A suspected firebug was condemned and silently dispatched with a hangman’s noose while the city slept that night and Mighels was unable to hide his satisfaction while reporting the incident later in his news columns.
The “601” as it surfaced around Nevada, was not specifically a hanging society. Lynchings by the “601” were, in fact, rare occurrences. The usual procedure was to issue public or private warnings to suspected rowdies and threaten them with tar and feathers. Such warnings were usually sufficient to make them move along. The tar and feathers routine, when invoked upon some hapless individual, usually had a quieting effect on others.
To the early Nevada citizenry, uncontrolled fire was a very real and constantly haunting specter.
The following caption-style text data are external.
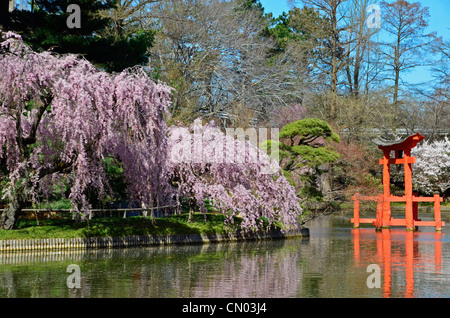 Il Brooklyn Botanic Garden Foto Stock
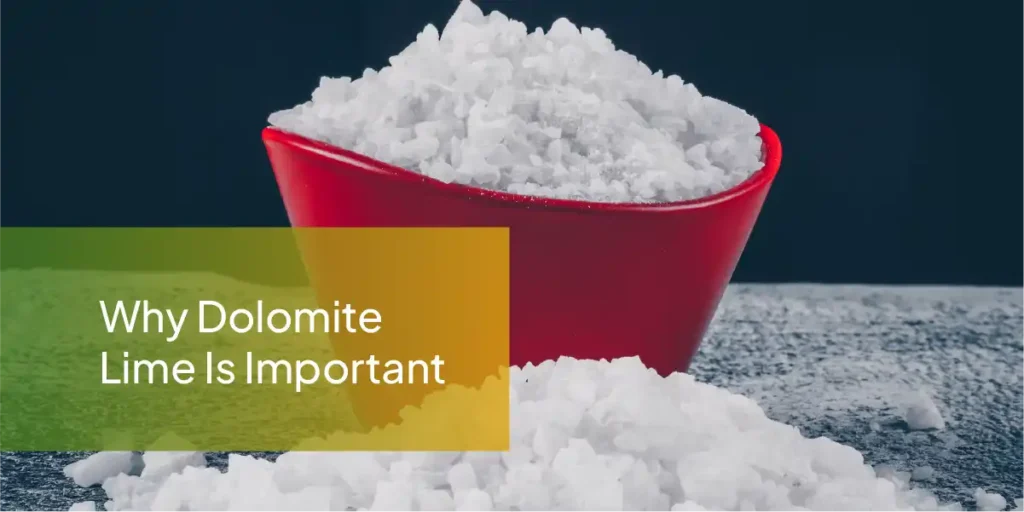 Dolomite Lime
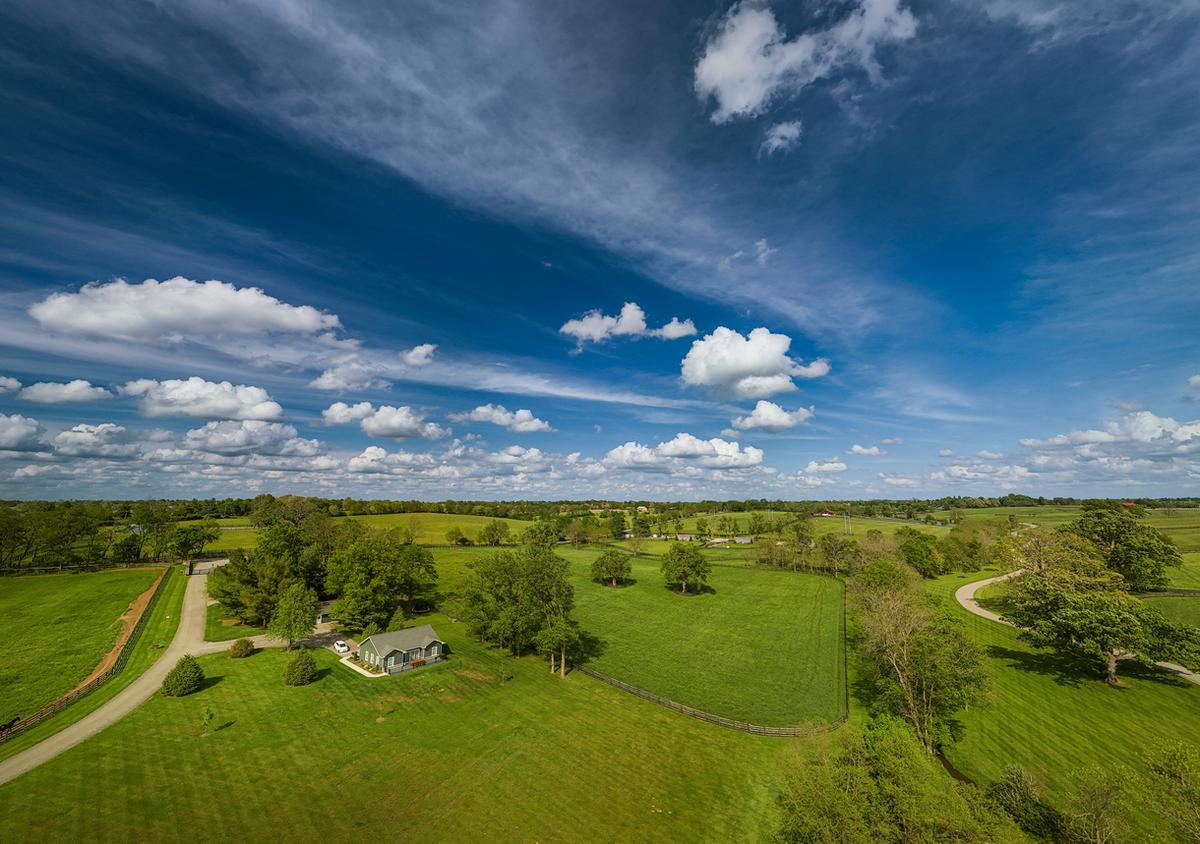 Farm Land View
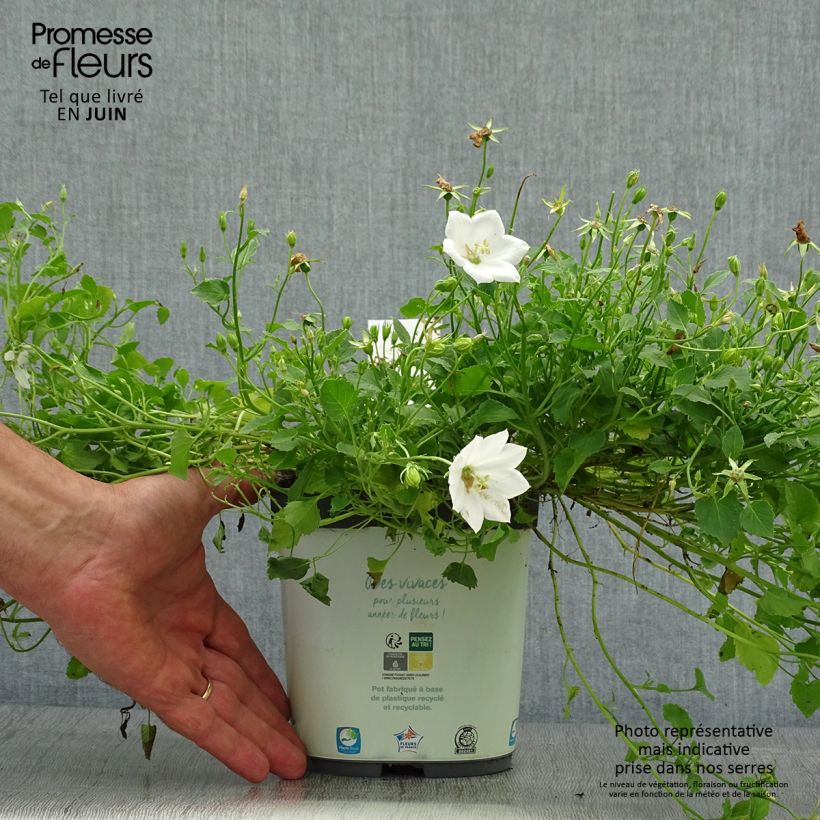 Exemplaar van Campanula carpatica Clips - Karpatenklokje wit Pot van 2 l/3 l zoals geleverd in de zomer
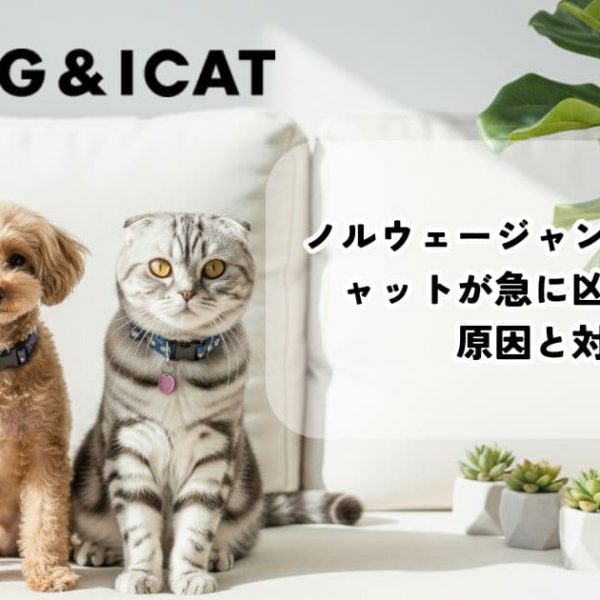 ノルウェージャンフォレストキャットが急に凶暴化した！原因と対処法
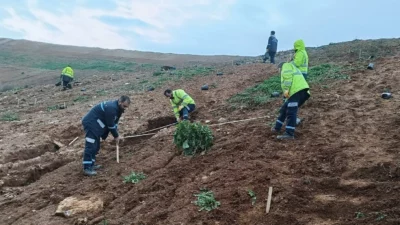 Çevre konusunda duyarlı çalışmalara imza atan Kocaeli Büyükşehir Belediyesi, kentin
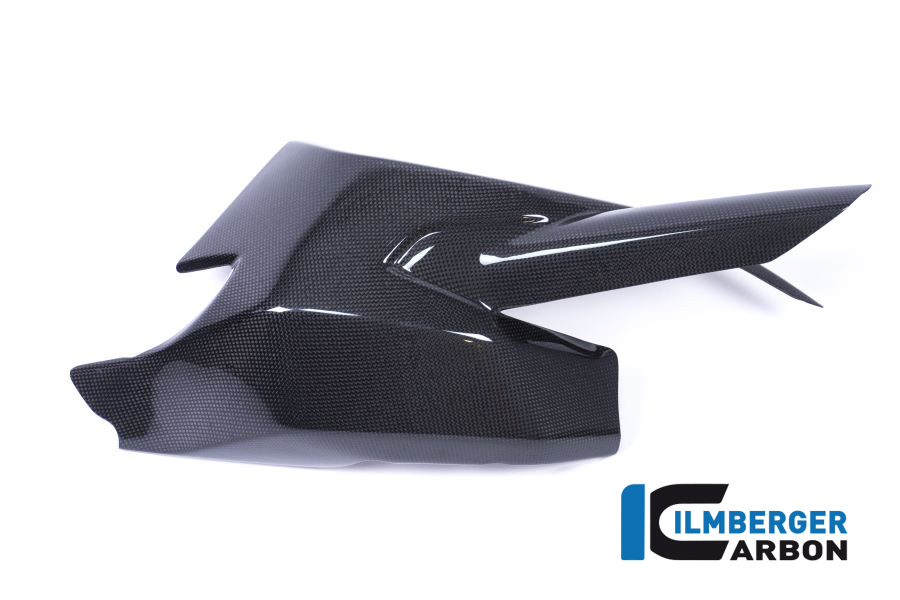 Ilmberger Carbon Swingarm Protector, Gloss, Carbon
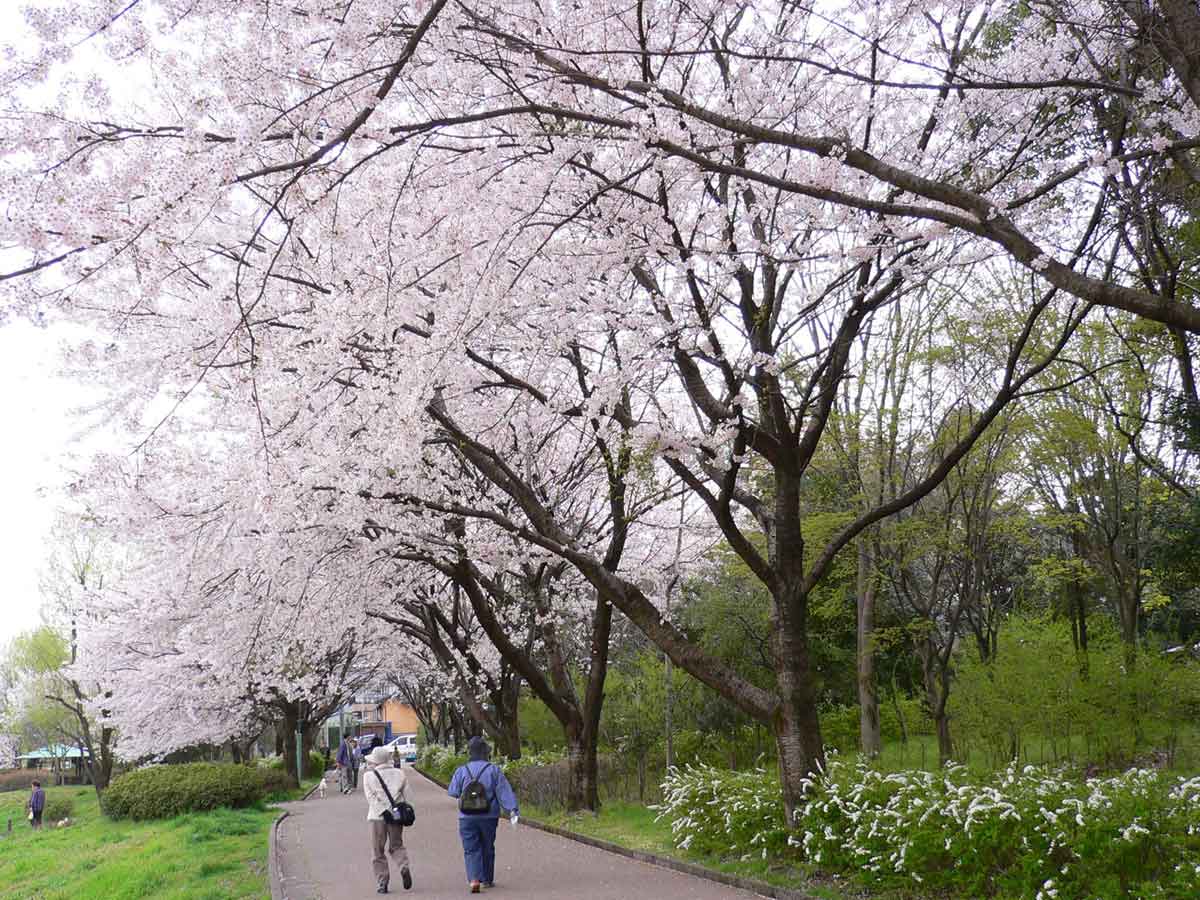 我們在石川縣過的很好
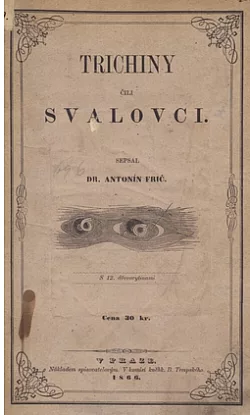 Trichini čili svalovci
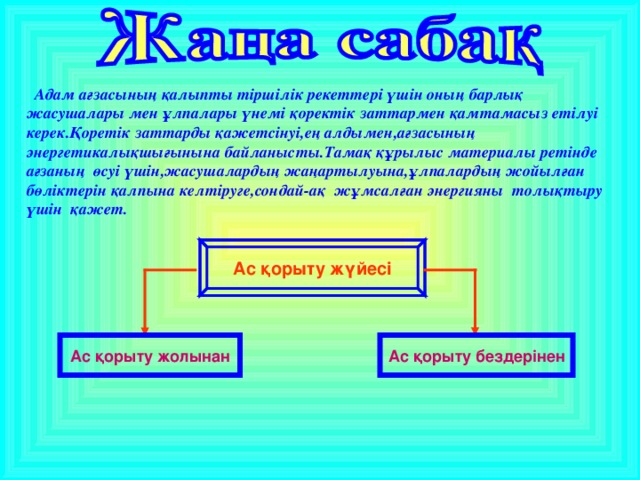  Адам ағзасының қалыпты тіршілік рекеттері үшін оның барлық жасушалары мен ұлпалары үнемі қоректік заттармен қамтамасыз етілуі керек.Қоретік заттарды қажетсінуі,ең алдымен,ағзасының энергетикалықшығынына байланысты.Тамақ құрылыс материалы ретінде ағзаның өсуі үшін,жасушалардың жаңартылуына,ұлпалардың жойылған бөліктерін қалпына келтіруге,сондай-ақ жұмсалған энергияны толықтыру үшін қажет. Ас қорыту жүйесі Ас қорыту жолынан Ас қорыту бездерінен 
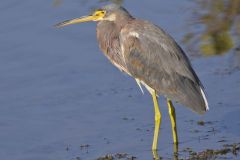 Tricolored Heron, Egretta tricolor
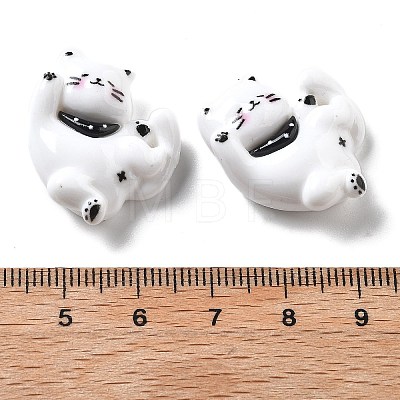 Resin Cabochons CRES-D277-01I-1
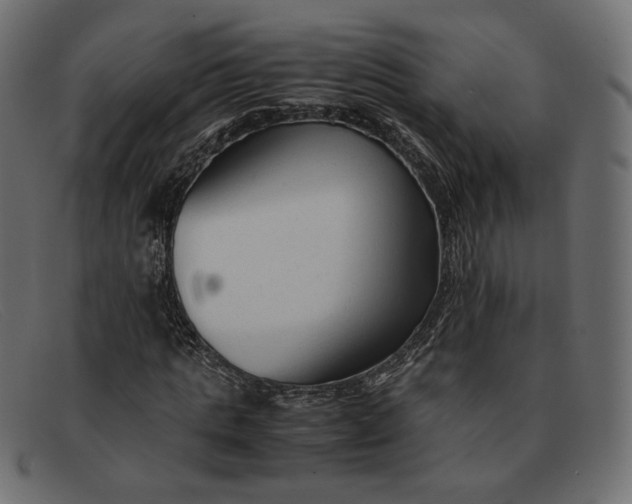 X0000091920821200709191337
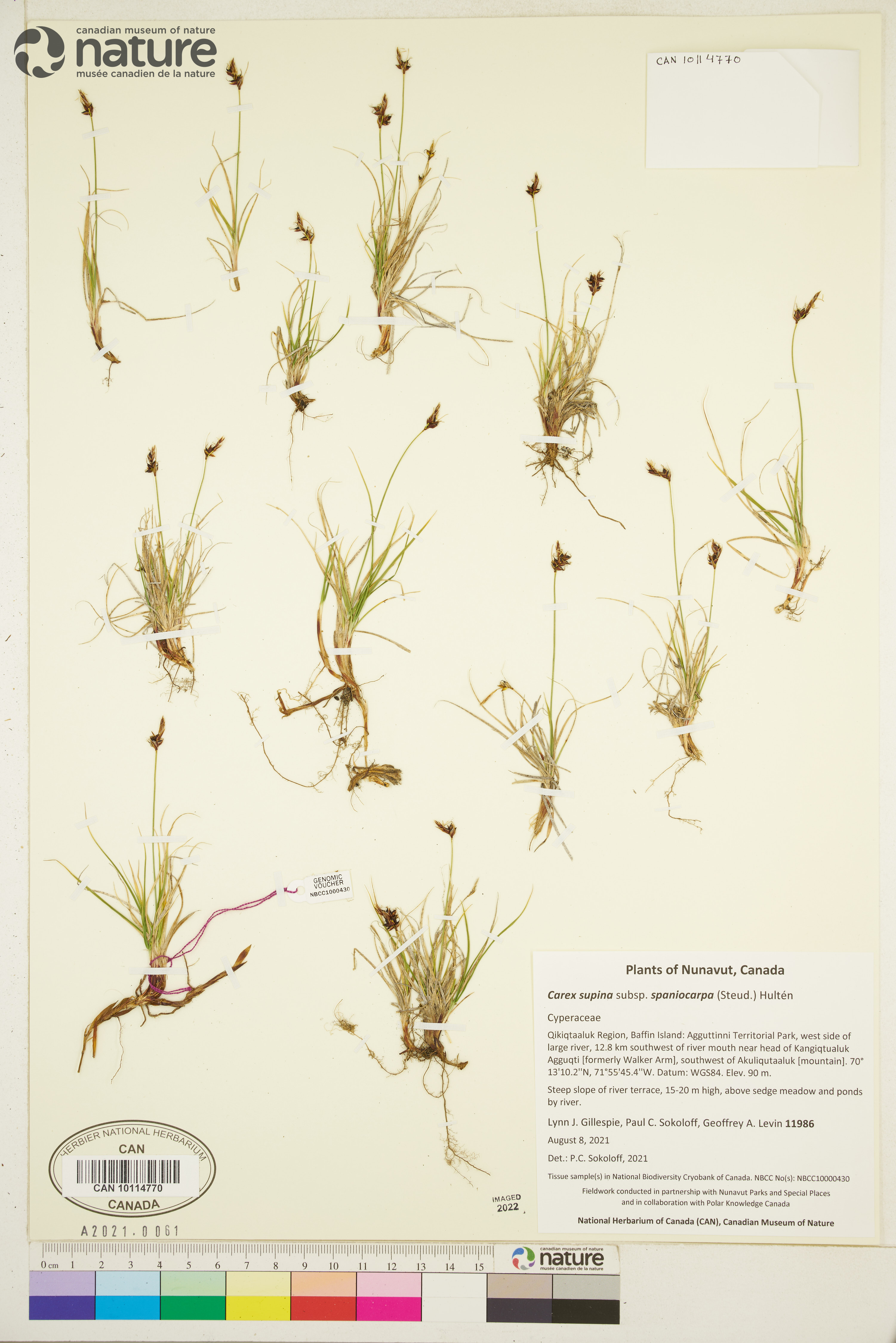 Carex supina image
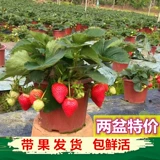 Саженцы для молока клубники посадка сливок с фруктовыми балконами свежие растения горшечные растения с цветами посадка и посадка на балконах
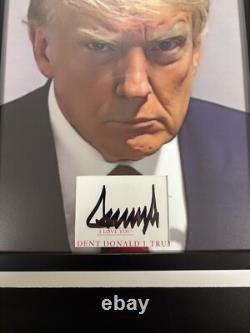 Donald Trump Président 12x16 Mat Découpé Autographié Encadré Signé USA RARE JSA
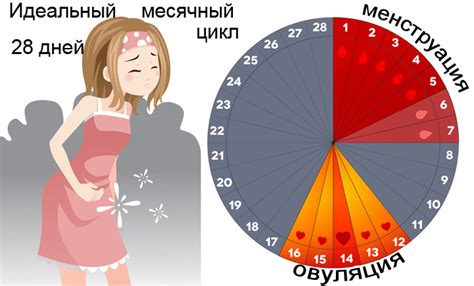 Способы решения и предотвращения нерегулярных месячных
For Carson City residents, the first cold chill of realization of a firebug’s presence came Oct. 2, 1875, when it was discovered that an earlier reported house fire of unknown cause had been set on purpose.
An astonished Harry Mighels apologize to his readers for a reporter having missed the important facts on an earlier story and then went on to describe how the arsonist had splashed coal oil over some clothes hanging on a fence and onto the side of the house and then set the whole thing afire.
Three days later, the home belonging to a family which happened to be out of town at the time, was broken into, coal oil splashed about and then put to the torch.
Even as this deadly scenario was developing, Virginia City residents, with whom Carsonites could easily identify, were digging themselves out of the remains of a catastrophic fire. It didn’t take much imagination to see a similar fate for Carson City.
In the Oct. 7, 1875, Appeal there was a letter to the editor, which gave a hint to the tone of public concern. The letter in apparent response to some rhetorical question, gave advice on how to fire a gun through window glass at a prowler without injuring oneself.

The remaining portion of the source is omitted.